Would you give the listing back word for word once its pictures are removed?

— Data extract —
------------------------------

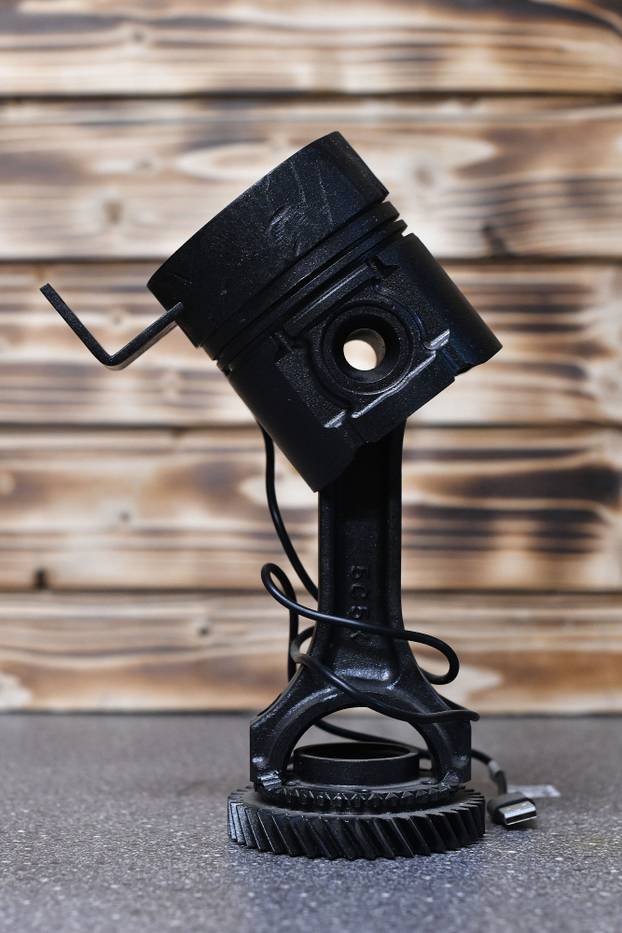 Karlo iz Koprivnice izrađuje zanimljive ukrase i skulpture od dijelova automobila i motora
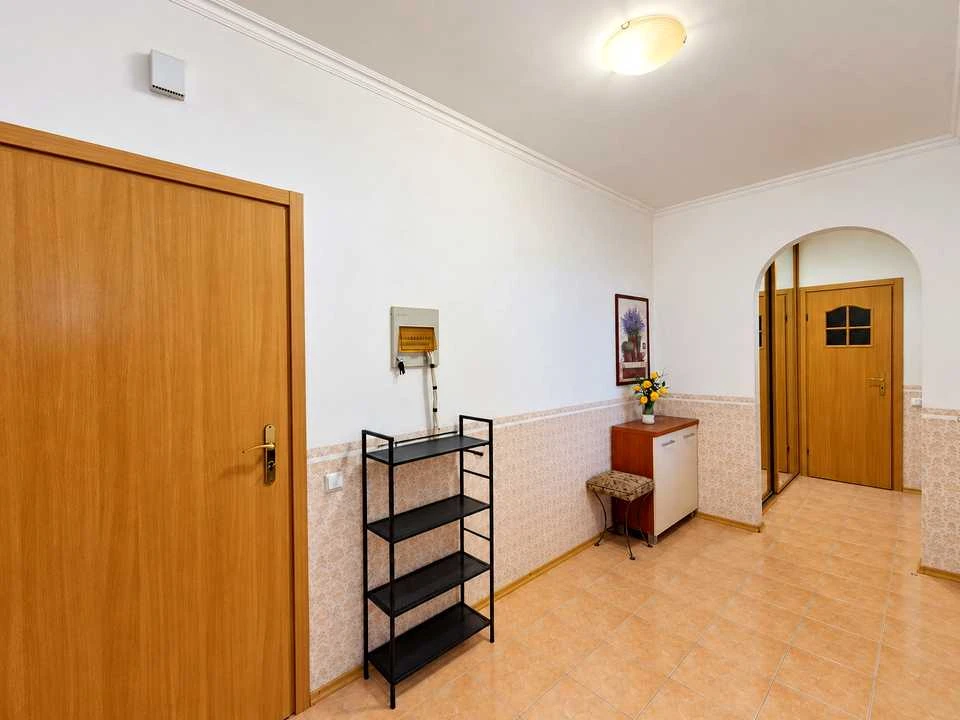 Apartment. Vvedenska st., Kyiv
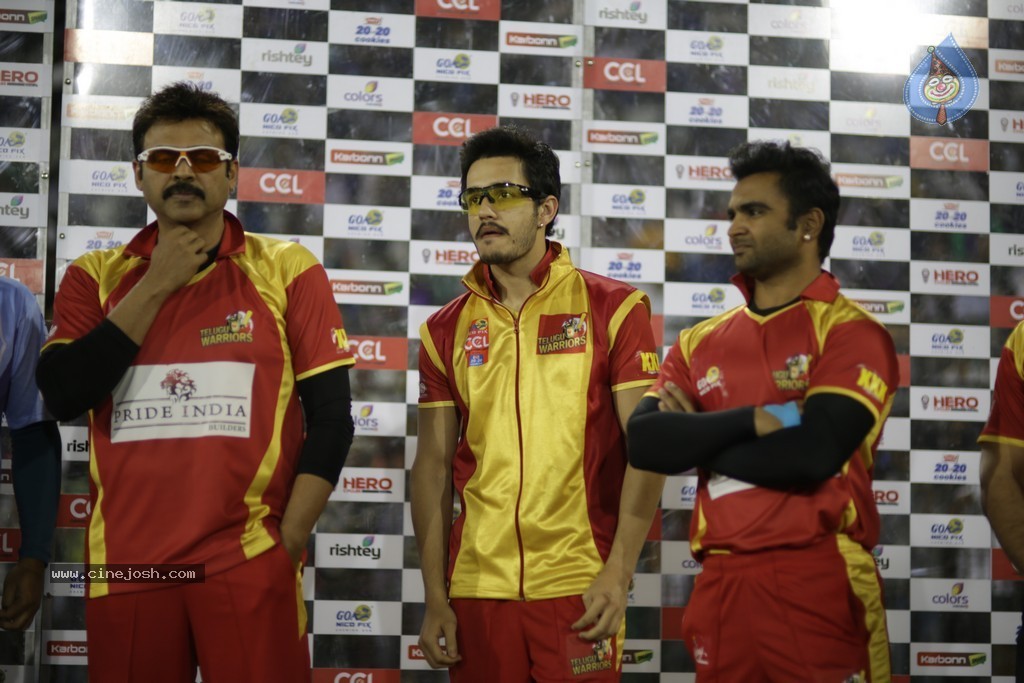 Telugu Warriors Vs Bhojpuri Dabangs Team Photos - 8 / 13 photos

------------------------------

— Result for this task —
 Karlo iz Koprivnice izrađuje zanimljive ukrase i skulpture od dijelova automobila i motora
 Apartment. Vvedenska st., Kyiv
 Telugu Warriors Vs Bhojpuri Dabangs Team Photos - 8 / 13 photos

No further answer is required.